Nathan se dejó caer de espaldas contra el deportivo y se deslizó hasta el suelo. Estaba molesto y preocupado a partes iguales. Quería saber si habían encontrado a Dante. Necesitaba saberlo. Blas se sentó a su lado y le echó un brazo, rodeándole los hombros.
—Ey, tranquilo —dijo con voz suave—. Tenemos esto. Lo vamos a resolver.
—¿Y qué pasará después? ¿Cómo nos vamos a quitar a la WWL de encima?
—Papá tiene todo bajo control —respondió Blas—. En serio, deja de preocuparte. Dante necesita verte sereno. Te necesita, Nathan.
El moreno entonces se sosegó un poco. Se sacudió como si con ese gesto soltara todas sus inquietudes. Por Dante era capaz de olvidarse de sí mismo, de restarle importancia a sus miedos, solo para ser la persona que necesitaba. No podía evitar sentirse un tanto culpable por la situación. En cierto modo, él había fallado. Le había fallado a su Dante. Y eso no se lo perdonaría a sí mismo jamás.
Nathan se juró que vengaría todo el sufrimiento que le habían causado a Dante. No descansaría hasta encarar a Equis y darle su merecido. Ansiaba también encontrar a Glorianna. Quería hacer pagar a todos y a cada uno de los que estaban detrás de aquel enredo. Sin saberlo, algo dentro de él había cambiado. Perder a su otra mitad le había marcado, provocando un daño irreparable. Aquel joven, que era todo chispa y alegría, estaba harto de sentirse incapaz. Por las buenas o los malas, detendría todo aquello. Aunque fuera lo último que hiciera.
El cielo estaba plagado de nubes. Era un día frío y allá en las montañas podía verse descender la niebla. Luego de mucho rato, por la interestatal comenzaron a acerarse los faroles encendidos de una miniván negra. Detuvo su marcha justo en el lado contrario del desvío.
Nathan se puso en pie de inmediato, mirando con expectación. Del vehículo bajaron el señor Villalta y Diana. El primero le hizo un gesto afirmativo a Blas antes de darle una sonrisa. Tras de ellos, el chamán y Marianne ayudaban a Dante a salir. El corazón de Nathan latía a mil revoluciones por segundo.

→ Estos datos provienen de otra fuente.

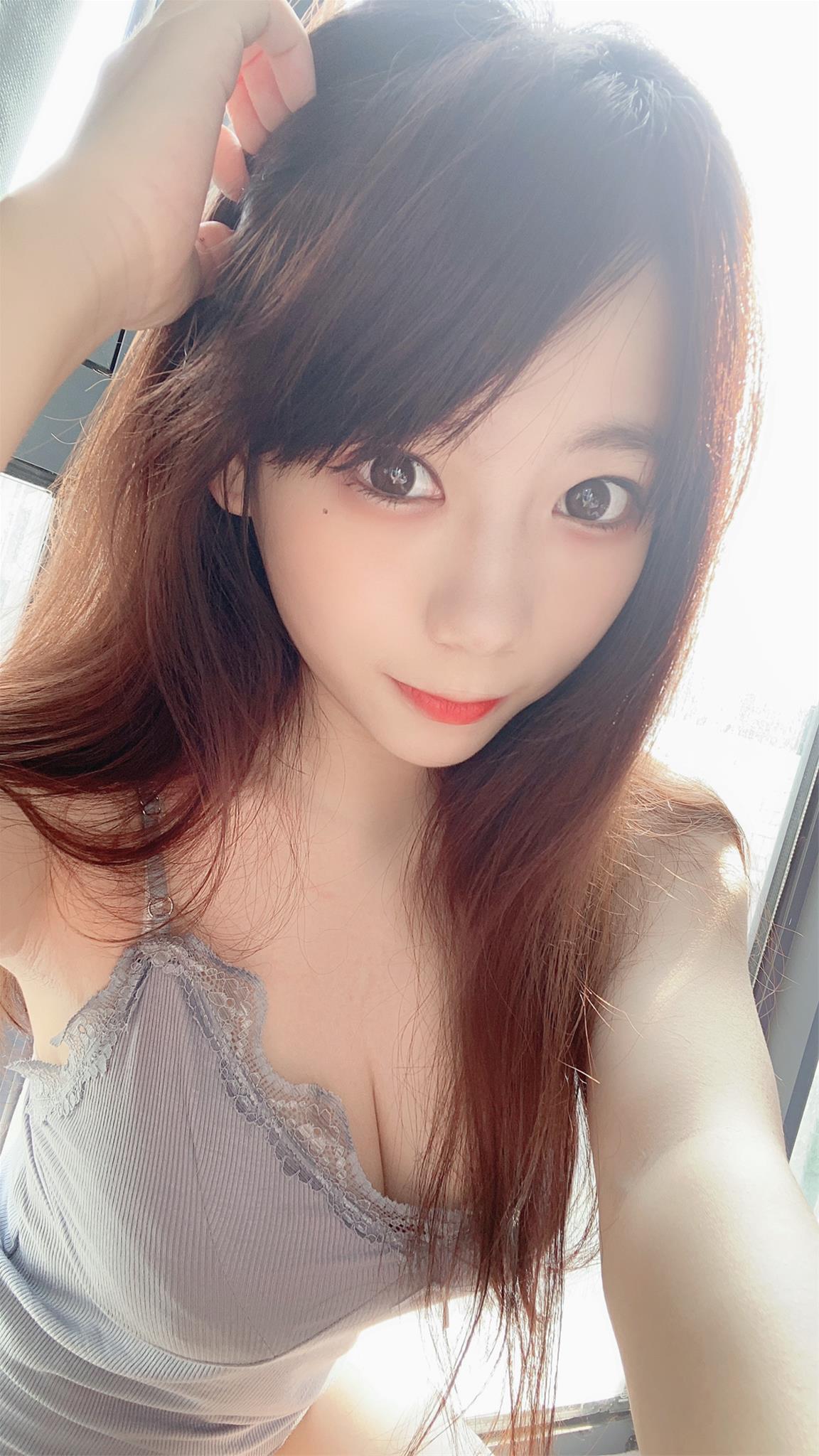 usejan（蓝蓝）晨曦 [30P-54MB]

Tan pronto bajó del auto, lo primero que hizo Dante fue buscar a Nathan con la mirada. El encuentro entre sus ojos fue lo más mágico que los dos hubieran vivido. Los orbes azules de uno centellaban ante las esmeraldas del otro. Ninguno de los dos podía creer que, por fin, había llegado el momento de verse de nuevo. Sus almas habían reconectado. Una parte de ellos había vuelto súbitamente a la vida. Así se sentía la resurrección.

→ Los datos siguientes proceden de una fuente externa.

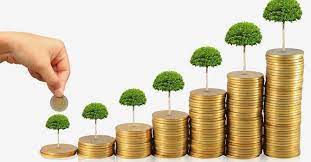 Mùa đại hội cổ đông: Xuất hiện những doanh nghiệp đầu tiên dự kiến lãi lớn, chia cổ tức đậm trên 40%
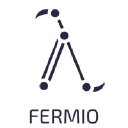 fermio.com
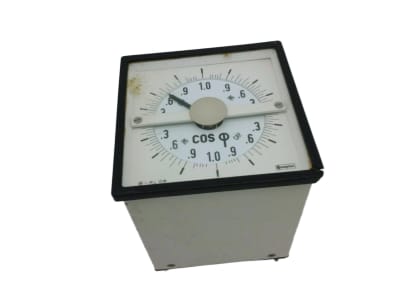 TE CONNECTIVITY 244-136G-QAAB-C5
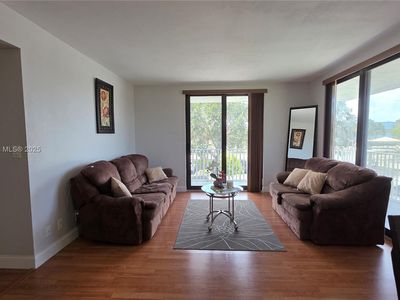 901 Hillcrest Dr APT 215, Hollywood, FL, 33021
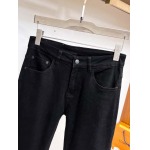 2025年11月18日秋冬新作ARMANIジーパン高品質人気商品/XQY工場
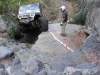 Extrema 4x4 El Socorro 2008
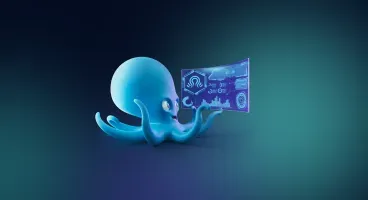 Top Strategies for Google Dataflow Cost Optimization in 2026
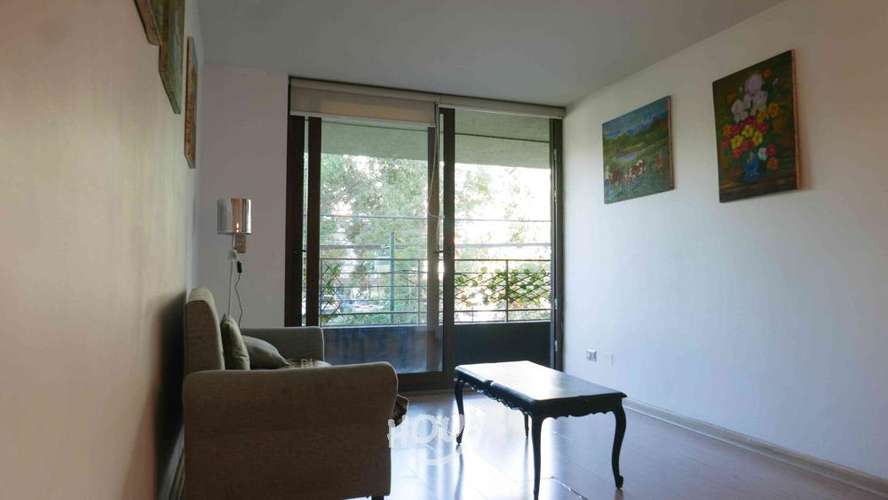 Departamento en Mujica - Imagen 8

El rubio, aun adolorido, no pudo contener una sonrisa. A Nathan le pareció la sonrisa más hermosa y sincera que viera jamás. Dante comenzó a acercarse, pero Nathan había quedado paralizado. El estado de su novio lo había roto en mil pedazos. Le observaba acercándose lentamente hacia él. Venía descalzo y cojeando, como un animal malherido. No pudo evitar llorar.

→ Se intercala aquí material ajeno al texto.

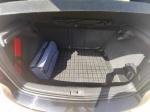 volkswagen-golf-2-0-tfsi-2007-gasolina-1984cc
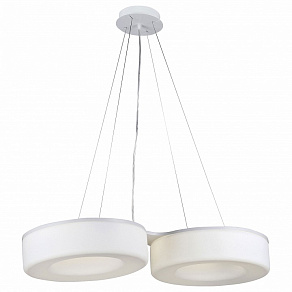 Подвесной светильник ST-Luce Lordin SL886.503.02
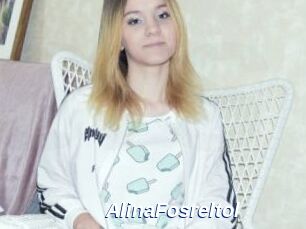 AlinaFosreltol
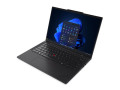 Laptop Lenovo ThinkPad T14s Gen 6 21QX00LDVA (Core Ultra 7-258V, Ram 32GB, SSD 512GB, Màn hình 14 inch IPS WUXGA 500nits 60Hz, Intel Arc Graphics, DOS)
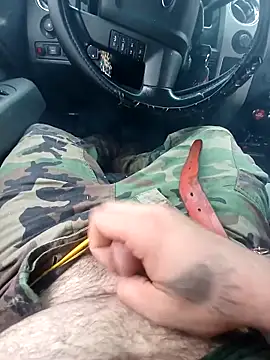 JObuddy661 online show from September 24, 2025, 4:02 pm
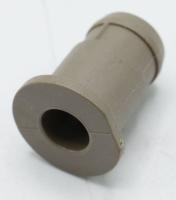 Boschsiemens Führung/ schiene                                             10001541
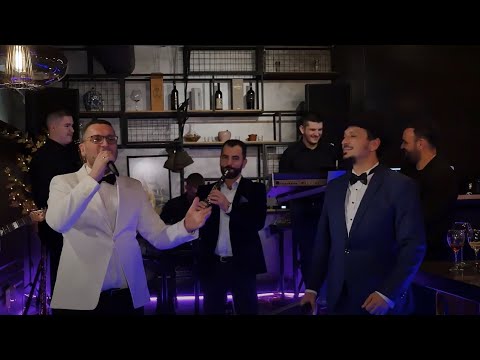 HEKURANI ft. GAZI - LE TA DI BOTA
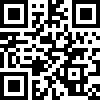 https://qudsonline.ir/x6bJH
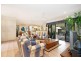 4 TIMARU COURT, Annandale QLD 4814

Por fin, Dante llegó hasta Nathan y se abalanzó hacia sus brazos abiertos. El moreno lo abrazó con todas las fuerzas que tenía. Le puso una mano en la nuca y lo acarició, atesorándolo. Le besó cien veces la mejilla. Y otras cien veces la cabeza.
—Te amo. Te amo, te amo, te amo, te amo.
—Yo te amo también —respondió con un hilo de vozel rubio, justo antes de desfallecer.